Sixth, $SO(3,1)$ isn't related to the diffeomorphism in any direct way. It is surely not the same thing. This group is the Lorentz group and in the GR, you may choose a formalism based on tetrads/vielbeins/vierbeins where it becomes a local symmetry because the orientation of the tetrad may be rotated by a Lorentz transformation independently at each point of the space. But this is just an extra gauge symmetry that one must add if he works with tetrads – it's a symmetry that exists on top of the diffeomorphism symmetry and this symmetry is different and "non-local" because it changes the spacetime coordinates of objects or fields while all the Yang-Mills symmetries above and even the local Lorentz group at the beginning of this paragraph are acting locally, inside the field space associated with a fixed point of the spacetime. (The fact that diffeomorphisms in no way "boil down" to the local Lorentz group is a rudimentary insight that is misunderstood by all the people who talk about the "graviweak unification" and similar physically flawed projects.) I will not use with tetrads in the next paragraph so the gauge symmetry will be just diffeomorphisms and there won't be any local Lorentz group as a part of the gauge symmetry.
The diffeomorphism symmetry is locally generated by the translations, not Lorentz transformations, and the parameters of these 4-translations depend on the position in the 4-dimensional spacetime.

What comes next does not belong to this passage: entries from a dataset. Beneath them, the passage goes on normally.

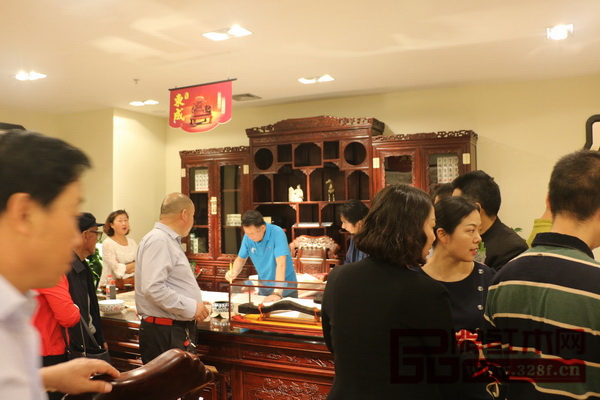 東成紅木推出的總裁簽售、多重好禮活動吸引了大量市民關注，蘭州店內(nèi)購買氛圍熱烈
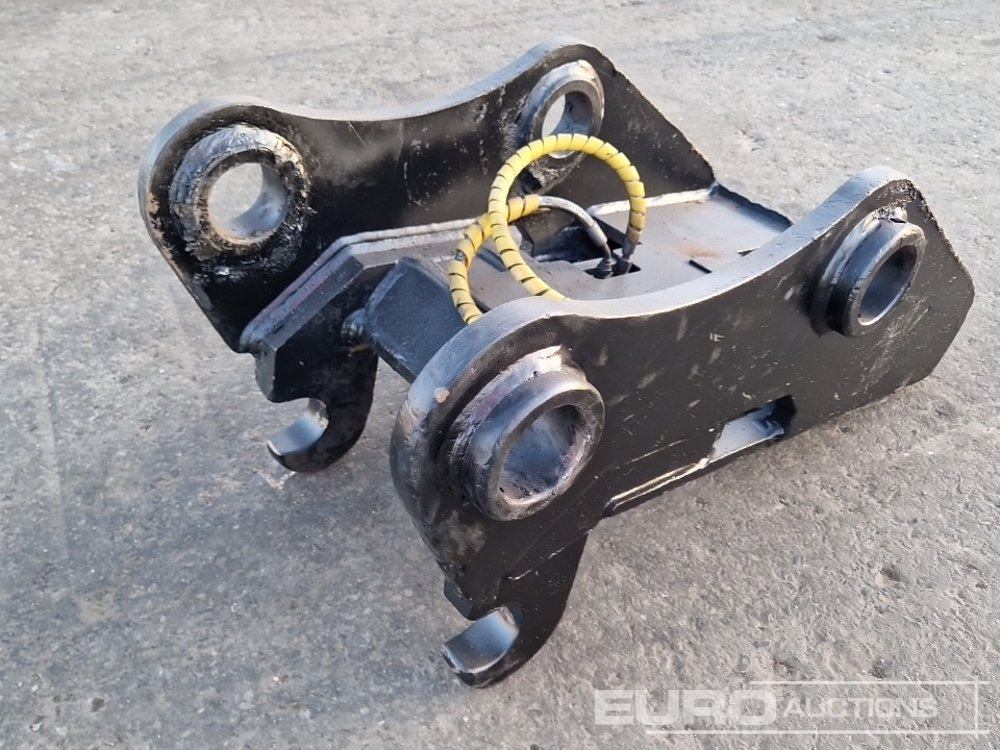 Hydraulic Quick Hitch to suit 20 Ton Excavator - وصلة الربط للمعدات المعلقة: صور 3 Hydraulic Quick Hitch to suit 20 Ton Excavator - وصلة الربط للمعدات المعلقة: صور 3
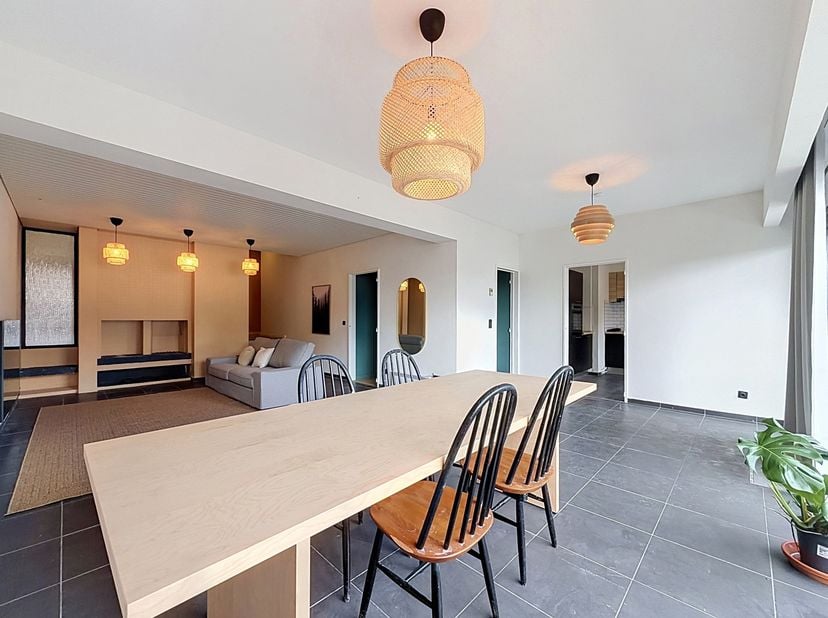 EasyHome vous présente cet appartement 3 chambres de 126m² habitables. Situé à deux pas de l'université de Charleroi, il est idéal pour y faire de la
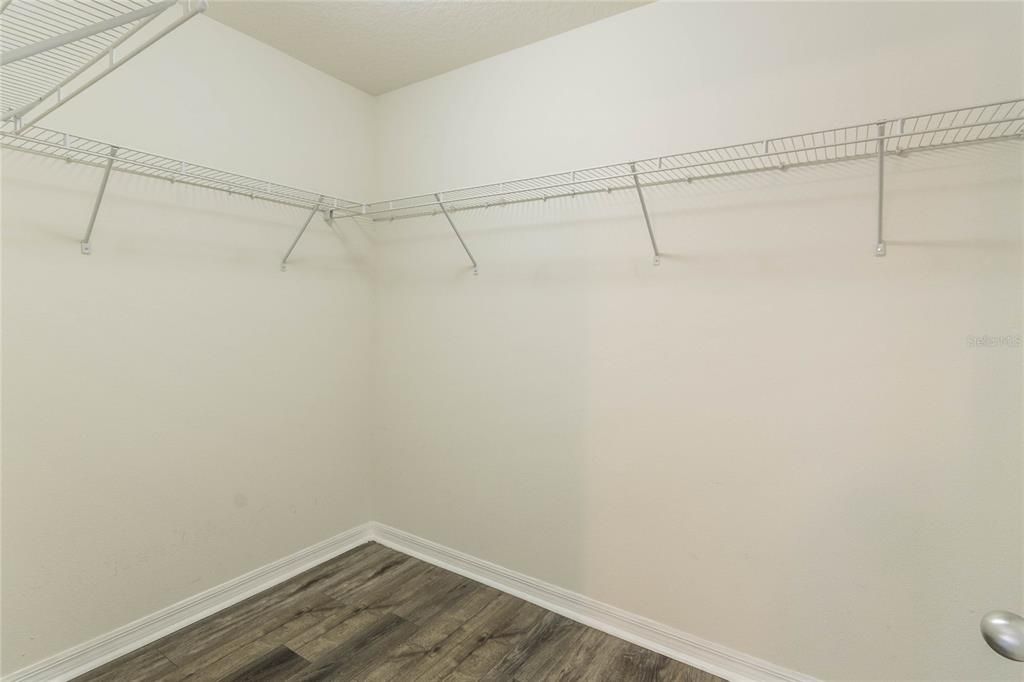 For Rent: $2,200 (3 beds, 2 baths, 2026 Square Feet)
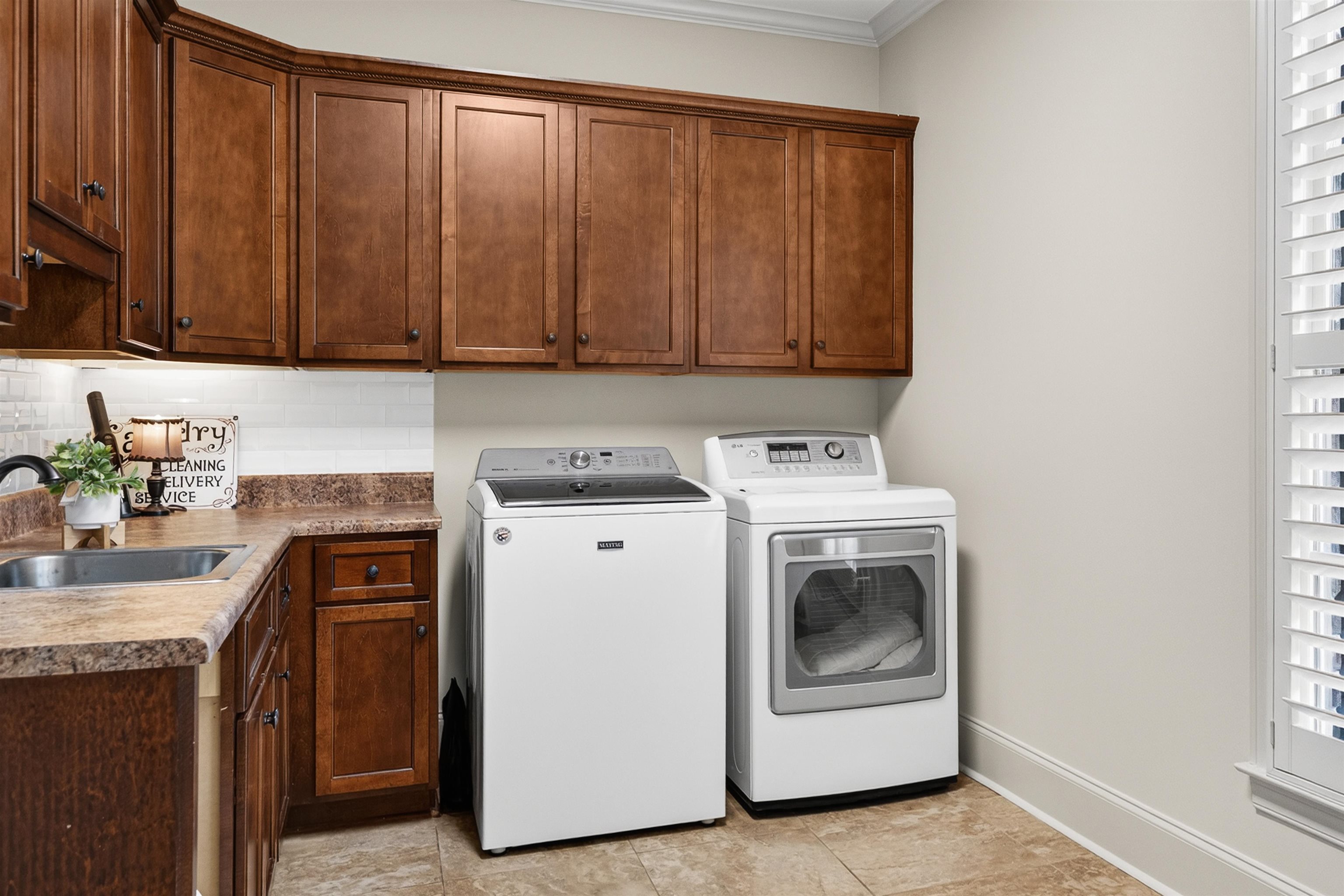 8441 POPLAR PIKE
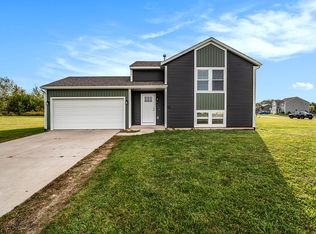 9662 Hessler Xing, Rockford, MI 49341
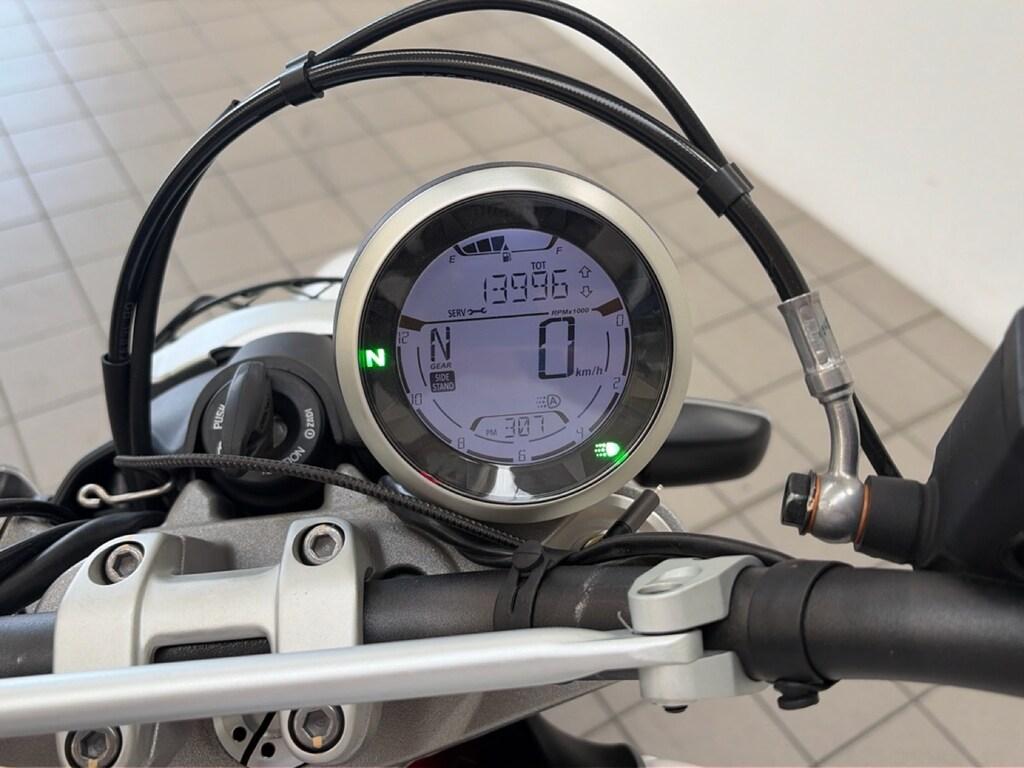 SCRAMBLER 800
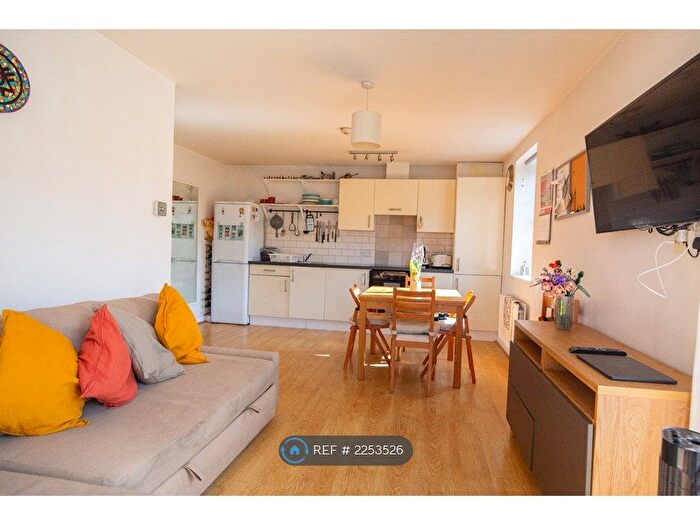 2 Bedroom Flat To Rent In Pennywell Road, Bristol, BS5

This is how a general infinitesimal diffeomorphism may be written down. If there were no gauge symmetries, $g_{\mu\nu}$ would have 10 off-shell degrees of freedom, like 10 scalar fields. However, each generator makes two polarizations unphysical, just like in the case of QED or QCD above (where the 4 polarizations of a vector were reduced down to 2; in QCD, all these numbers were multiplied by 8, the dimension of the adjoint representation of the gauge group, $SU(3)$ etc.). Because the general translation per point has 4 parameters, one removes $2\times 4 = 8$ polarizations and he is left with $10-8=2$ physical polarizations of the gravitational wave (or graviton). The usual bases chosen in this 2-dimensional physical space is a right-handed circular plus left-handed circular polarized wave; or the "linear" polarizations that stretch and shrink the space in the horizontal/vertical direction plus the wave doing the same in directions rotated by 45 degrees:
This counting was actually a bit cheating but it does work in the general dimension. To do the counting properly and controllably, one has to distinguish constraints from dynamical equations and see how many of the modes of a plane wave (gravitational wave) are affected by a diffeomorphism. In the general dimension of $d$, it may be seen that the tensor $\Delta g_{\mu\nu}$ may be described, after making the right diffeomorphism, by $h_{ij}$ in $d-2$ dimensions and moreover the trace $h_{ii}$ may be set to zero. This gives us $(d-2)(d-1)/2-1$ physical polarizations of the graviton. In $d=4$, this yields 2 physical polarizations of the graviton. A gravitational wave moving in the 3rd direction is described by $h_{11}=-h_{22}$ and $h_{12}=h_{21}$ while other components of $h_{\mu\nu}$ may be either made to vanish by a gauge transformation (diffeomorphism), or they're required to vanish by the equations of motion or constraints linked to the same diffeomorphism. Morally speaking, it is true that we eliminate two groups of 4 degrees of freedom, as I indicated in the sloppy calculation that happened to lead to the right result. Note that $$\frac{d(d+1)}2 -2d = \frac{(d-2)(d-1)}2-1 $$ I have to emphasize that these is a standard counting of the "linearized gravity" and it's the same procedure to count as the counting of physical polarizations after the diffeomorphism "gauge symmetry" – just the language involving "gauge symmetries" is more particle-physics-oriented.